Now, if we can get back on topic . . .
| 1:04 am on Mar 28, 2006 (gmt 0)|
<Paying for internet access does not give you the right to re-broadcast it for others to use. In fact, the terms of service that you sign when you subscribe specifically forbid this.>
That depends on your ISP. Mine has encourages it, so I use them to setup free hotspots all over the place.
<...the problem so far is that no one has bothered to look up the law(s).>
Are you saying that a law exists specifically about using open wireless networks, or are you saying that some other law exists that could parallel this in an abstract sort of way (i.e. "be analagous to")? I don't imagine the former is true.
| 1:18 am on Mar 28, 2006 (gmt 0)|
The idea is to find out just which statute(s) this guy was actually charged with violating. Stands to reason he had to be charged with something. That's the point lawman was trying to make (albeit in the role of backseat driver).

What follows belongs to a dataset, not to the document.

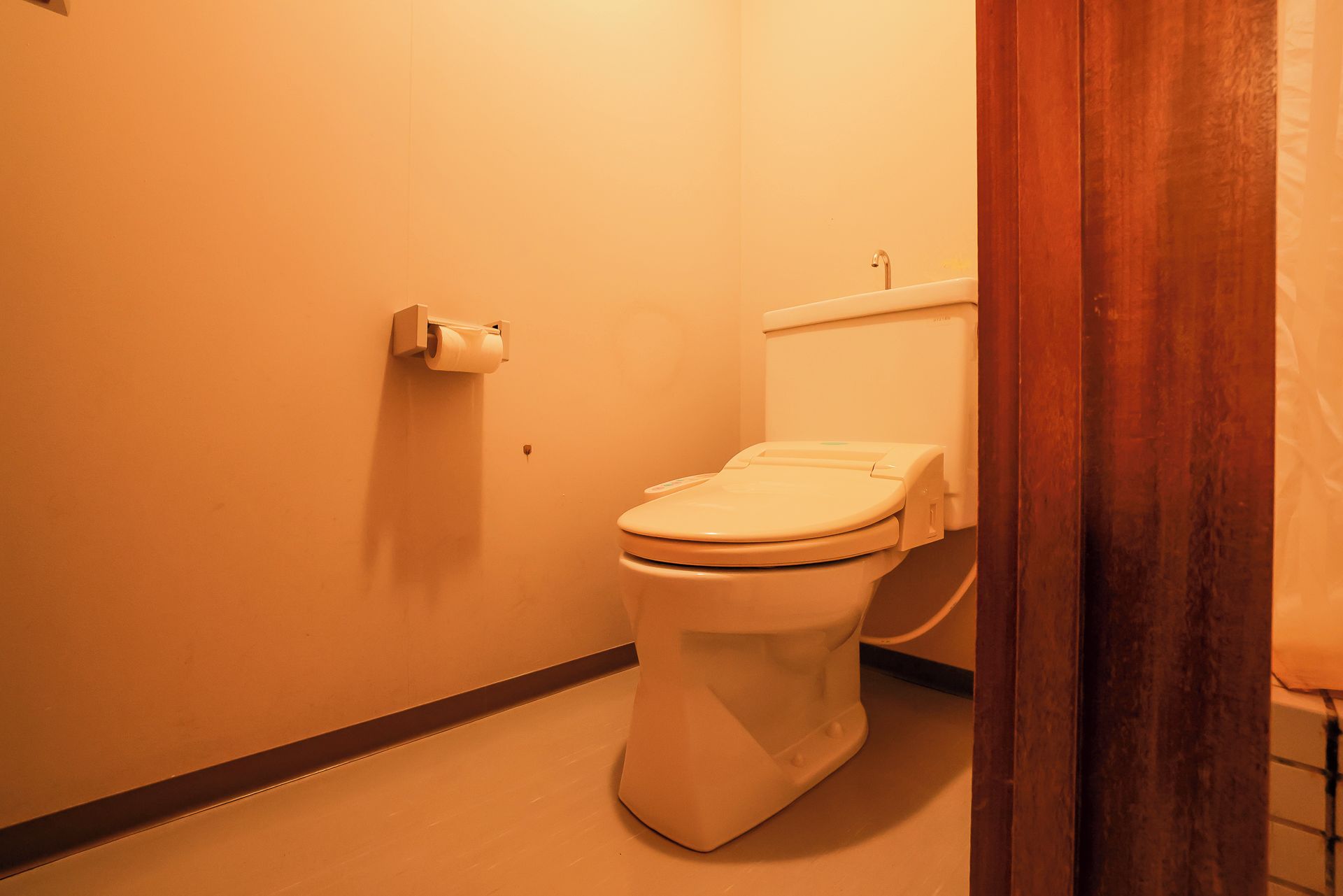 A toilet in a bathroom with a toilet paper holder on the wall.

| 1:29 am on Mar 28, 2006 (gmt 0)|
|Are you saying that a law exists specifically about using open wireless networks, or are you saying that some other law exists that could parallel this in an abstract sort of way (i.e. "be analagous to")? I don't imagine the former is true. |
As per the first post in the thread, someone was convicted of violating some law that pertained to unauthorized use of another's WiFi. There is a good starting point for researching the law. As I am not inclined to do so I encourage anyone with sufficient interest to check it out and report back. Or, like I said in msg #52, I could be persuaded to research it for you. Or feel free to continue with analogies about the law without understanding what law was actually violated.

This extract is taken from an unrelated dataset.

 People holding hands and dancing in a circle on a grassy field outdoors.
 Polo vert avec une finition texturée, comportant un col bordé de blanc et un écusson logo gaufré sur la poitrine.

Combined with my previous posts, if that doesn't provide a full glimpse into my mind on the subject, I apologize for being incapable of conveying my thoughts.
| 3:39 am on Mar 28, 2006 (gmt 0)|
The original linked news source is the Rockford Register Star of Rockford, Illinios.

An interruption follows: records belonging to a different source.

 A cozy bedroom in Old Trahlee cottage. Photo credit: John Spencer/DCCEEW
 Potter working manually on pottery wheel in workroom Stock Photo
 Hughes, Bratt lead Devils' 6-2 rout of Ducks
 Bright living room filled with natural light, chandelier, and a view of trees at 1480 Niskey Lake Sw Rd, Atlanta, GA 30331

A quick search for illinios computer law provided the following from the Southern Illinios University Edwardsville Library Services: [library.siue.edu ]
The Illinois "Computer Crime Prevention Law" (Illinois Compiled Statutes, 1996, Chapter 720, Article 5/16D) makes unauthorized computer use a criminal offense. There are three offense categories defined by the Law.
1. Computer Tampering
An individual may be prosecuted for this offense when access is gained to a computer, a program, or data, without permission from the owner. Unauthorized access, by itself, is a misdemeanor. Obtaining data or services is a misdemeanor for the first offense and a felony for subsequent offenses. Altering, damaging, destroying, or removing a computer, a program, or data, always is a felony. (These latter offenses include the use or attempted use of what commonly is referred to as a "computer virus.")
2. Aggravated Computer Tampering
3. Computer Fraud
I will bow to lawman's expertise in law (esp. US law) but this reads like the policeman saw someone in a vehicle using a laptop and asked him what he was doing. The bright wifi thief, who like George Washington,'could not tell a lie' was charged and subsequently convicted of a misdemeanor.
All this foo-fuss because using a SE is a strange and alien form of research...
| 6:17 am on Mar 28, 2006 (gmt 0)|
|I will bow to lawman's expertise in law |
You're not bowing to much since I am a self-confessed ignoramus regarding this area of the law.